Your instructions: Select the lines below containing the word "from".

Collected data entries:
****************

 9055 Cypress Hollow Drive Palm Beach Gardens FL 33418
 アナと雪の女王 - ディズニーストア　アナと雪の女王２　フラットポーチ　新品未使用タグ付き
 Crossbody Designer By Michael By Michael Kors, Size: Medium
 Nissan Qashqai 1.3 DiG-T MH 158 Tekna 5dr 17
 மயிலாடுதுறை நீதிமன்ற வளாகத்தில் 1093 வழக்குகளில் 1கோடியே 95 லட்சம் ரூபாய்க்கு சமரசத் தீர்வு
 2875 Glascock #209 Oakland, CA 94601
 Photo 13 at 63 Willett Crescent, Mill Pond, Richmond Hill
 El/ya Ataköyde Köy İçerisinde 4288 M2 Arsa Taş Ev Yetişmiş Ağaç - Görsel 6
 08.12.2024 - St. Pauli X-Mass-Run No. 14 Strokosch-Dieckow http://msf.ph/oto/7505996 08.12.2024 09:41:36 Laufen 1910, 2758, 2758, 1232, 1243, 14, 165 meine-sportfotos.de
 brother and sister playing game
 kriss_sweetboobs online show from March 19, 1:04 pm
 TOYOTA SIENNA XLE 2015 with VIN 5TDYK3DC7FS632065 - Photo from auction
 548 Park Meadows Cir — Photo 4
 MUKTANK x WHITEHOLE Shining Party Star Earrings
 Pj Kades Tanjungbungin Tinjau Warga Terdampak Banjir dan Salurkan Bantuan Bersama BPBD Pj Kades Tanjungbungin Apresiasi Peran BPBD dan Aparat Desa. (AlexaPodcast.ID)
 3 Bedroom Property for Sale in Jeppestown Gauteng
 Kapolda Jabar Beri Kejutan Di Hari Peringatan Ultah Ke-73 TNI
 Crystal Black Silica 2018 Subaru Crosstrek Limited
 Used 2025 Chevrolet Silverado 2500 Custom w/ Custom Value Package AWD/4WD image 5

****************

Answer box:
 kriss_sweetboobs online show from March 19, 1:04 pm
 TOYOTA SIENNA XLE 2015 with VIN 5TDYK3DC7FS632065 - Photo from auction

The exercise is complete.